D’une certaine manière, c’est vrai qu’elle est lui, parce que, s’il n’avait pas réussi, par sa parole de diplomate rompue aux palabres, à sortir vivant de la prise d’otages qui avait eu lieu au Congo, qui venait d’obtenir son indépendance, où il avait été affecté comme Consul, où il était si enthousiaste de découvrir un pays libre, Amélie ne serait pas née ! Les Blancs furent pris en otages parce que le gouvernement belge n’avait pas reconnu la République populaire du Congo, que des rebelles marxistes voulaient étendre de l’Est à tout le pays. Le Consul avait entre les mains la vie de mille cinq cents otages, une vie qui dépendait non de son éloquence mais de son aptitude à participer avec les preneurs d’otages à de formidables palabres ! Ne laissant jamais le silence s’installer ! Devenant un moulin à paroles, imitant Shéhérazade ! Etant si incroyablement conscient que les rebelles l’écoutaient vraiment, les voyant donc comme des personnes, il savait qu’il ne pouvait pas leur raconter n’importe quoi ! Le chef de la rébellion de l’Est, qui devint vite le président de la République populaire du Congo, vint le voir, se joignit aux palabres, fut d’une éloquence peu ordinaire. Il n’est jamais tombé amoureux de ses preneurs d’otages, se défendant de ses élans de reconnaissance, lors des palabres. Observant que les exécutions se passaient en l’absence de chefs, il se débrouillait pour que ceux-ci restent, toujours par ses palabres, et il disait que c’était le président, chef de rebelles, qui l’avait nommé négociateur ! Il avait dit à ce président que les Belges choisissaient toujours la négociation plutôt que le parachutage de l’armée belge pour délivrer des otages ! L’enjeu, pour les preneurs d’otages, c’était que la Belgique reconnaisse le nouvel Etat ! Alors, le Consul, tenant compte de cela, disait à ce président que s’il le tuait, cela donnerait une mauvaise image de la jeune République ! Et que les preneurs d’otages perdraient un jeune négociateur qui avait plaisir à palabrer avec eux ! Donc, si on voulait l’exécuter, il y avait toujours un autre preneur d’otage qui arrêtait l’acte fatal en disant stop, celui-ci-là, le président aime parler avec lui ! En quelque sorte, cette horde sauvage d’enfants incarnait déjà l’étranger, dans des pays politiquement instables, miséreux ou en guerre, où il serait diplomate capable de négociations parfois très risquées, toujours en reconnaissant l’autre, pour un travail géopolitique de paix.
Le roman d’Amélie Nothomb commence par la scène du peloton d’exécution où le Consul, après quatre mois de négociations, de palabres, va être exécuté et se termine par la scène où le président de la République du Congo vient dire qu’on ne tue pas cet homme.
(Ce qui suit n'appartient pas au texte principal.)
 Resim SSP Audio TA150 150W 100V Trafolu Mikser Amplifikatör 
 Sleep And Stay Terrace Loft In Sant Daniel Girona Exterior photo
Ceci semblant en phase avec la horde des enfants tortionnaires de l’enfance, et à la fin le baron qui reconnaît son petit-fils comme ayant brillamment réussi les épreuves et est devenu digne d’être celui qui reprendra le flambeau poétique des Nothomb par la qualité de sa parole et de son écoute des autres. Il vit les instants précédents une mort qu’il pense certaine tandis que douze hommes le mettent en joue comme la révolution extraordinaire de se sentir vivant, une sorte d’aleph, s’apercevant à quel point il est sensible à la beauté du monde, comme si le présent commençait à ce moment-là, dans cette joie insolite d’exister, telle une très paradoxale naissance, un seul instant de vie concentrant une éternité de vie. Comme si cette vulnérabilité extrême, cette vie suspendue aux coups de feu qui allaient la détruire, était ce qui donnait à la sensorialité, à l’incarnation de la vie au contact de la beauté du monde sensible, sa qualité inimaginable, son énergie infinie de vie concentrée en un seul point qui est aussi toutes les expériences poétiques à vivre, comme si, donc, ce point d’une intensité folle était aussi toute sa vie que pourtant il pensait ne pas vivre, et même… se projetant, plus grande qu’elle-même, dans la vie de sa fille, Amélie.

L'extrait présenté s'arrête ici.